Harvesting the sun
The final phase of the University of Northern Iowa's new Multimodal Transportation Center (MMTC) is underway and is another component of the university's leadership in sustainability.
By the end of the summer, 11 rows of photovoltaic (PV) panels will top the MMTC, harvesting the sun's energy rather than reflecting it back into the atmosphere. The energy produced, in conjunction with the building's geothermal heating system, supplies approximately all of the energy needs for the building, making it a net-zero energy use building -- one of Iowa's first.

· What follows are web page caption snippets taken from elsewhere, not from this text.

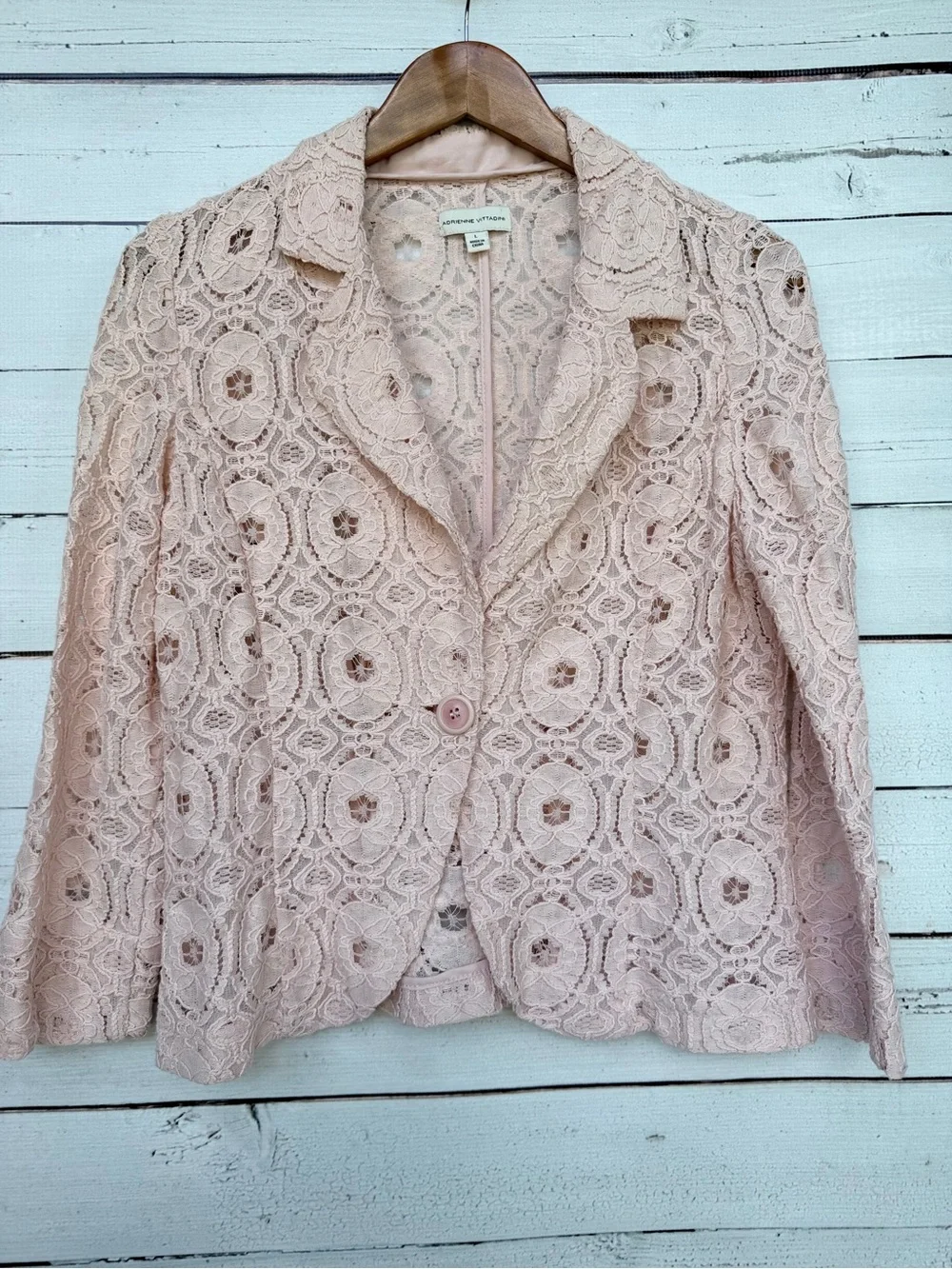 Adrienne Vittadini Intricate Medallion Lace Single Button Blazer - Large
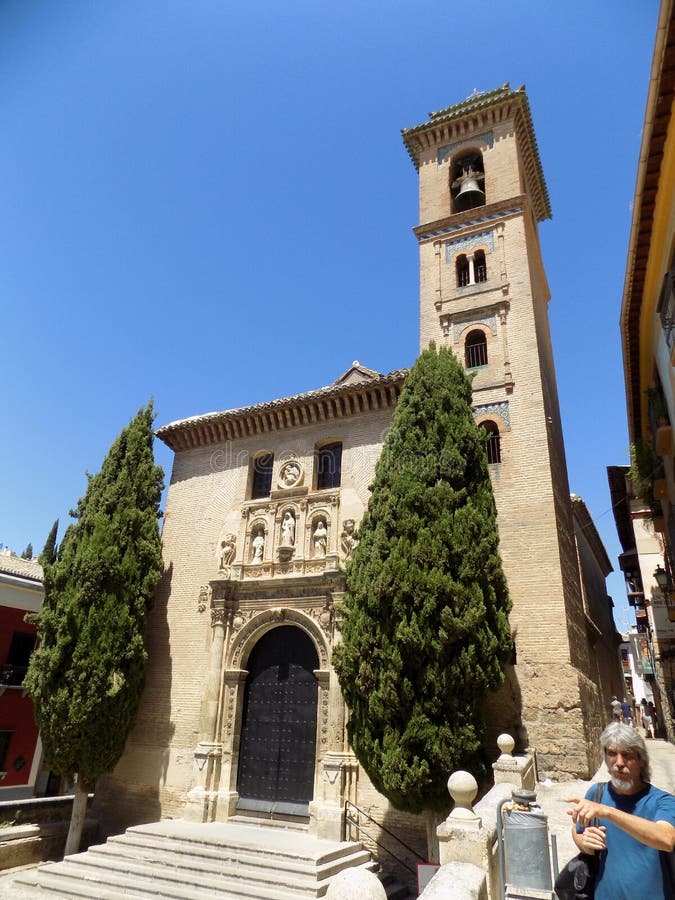 Santa Ana igreja-Granada - a Andaluzia imagens de stock Santa Ana igreja-Granada - a Andaluzia imagens de stock
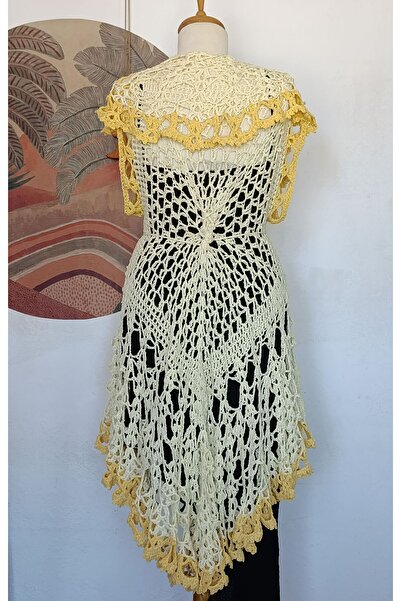 Hippybutik Sarı Koton Ip Tığ Dokuma El Örgüsü Dantel Asimetrik Şal Yaka Tasar...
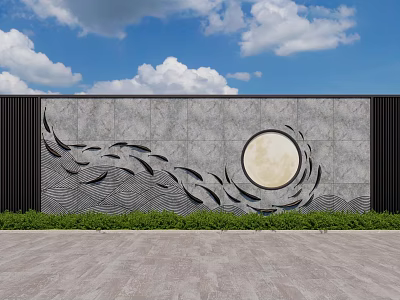 Natural Stone Feature Wall With Carved Wave Patterns And Circular Moon Design Elements 3d model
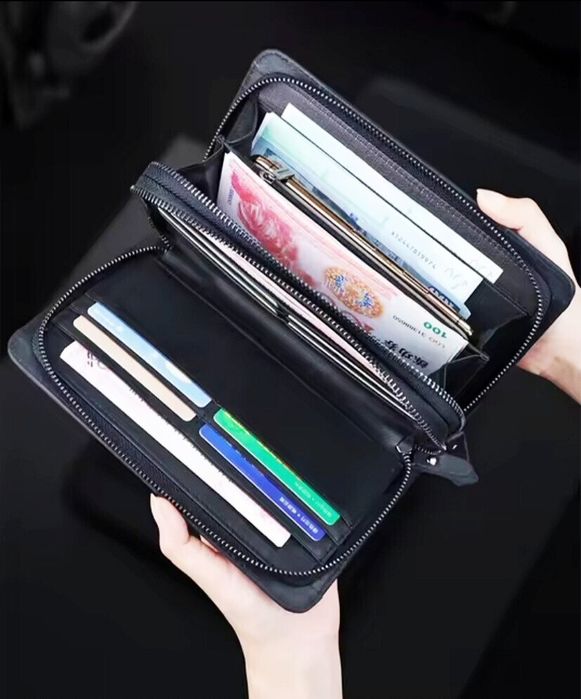 Кожаная мужская Барсетка. .Цвет- Dark Coffee и Черный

The 960 crystalline PV panels lining the MMTC roof are each 3 by 5 feet and weigh approximately 40 pounds. Each year they will produce approximately 263,600 kWhr of electricity. The system will connect into the university's electrical infrastructure, and any energy not used in the building will be used elsewhere on campus.
The MMTC's PV addition places the PV panel array above the top deck of the parking ramp, tilted up toward the south, to ensure the maximum amount of electricity can be generated through all four seasons.
According to a 2008 report by students enrolled in UNI's Professional Science Master's program, a PV system needs a sturdy base or support system, and shading is always a concern. Using roofs on campus -- many of which are large, flat and above nearby structures and trees -- for PV systems is a wise use of campus space.
The PV system also is an educational tool, as alternative energies and solar energy, specifically, become larger players in areas of study such as science, technology, political science and sociology. UNI already has held courses specifically on solar energy and sustainability, coordinates solar technology training and provides outreach to K through 12 schools in energy conservation and renewable energies.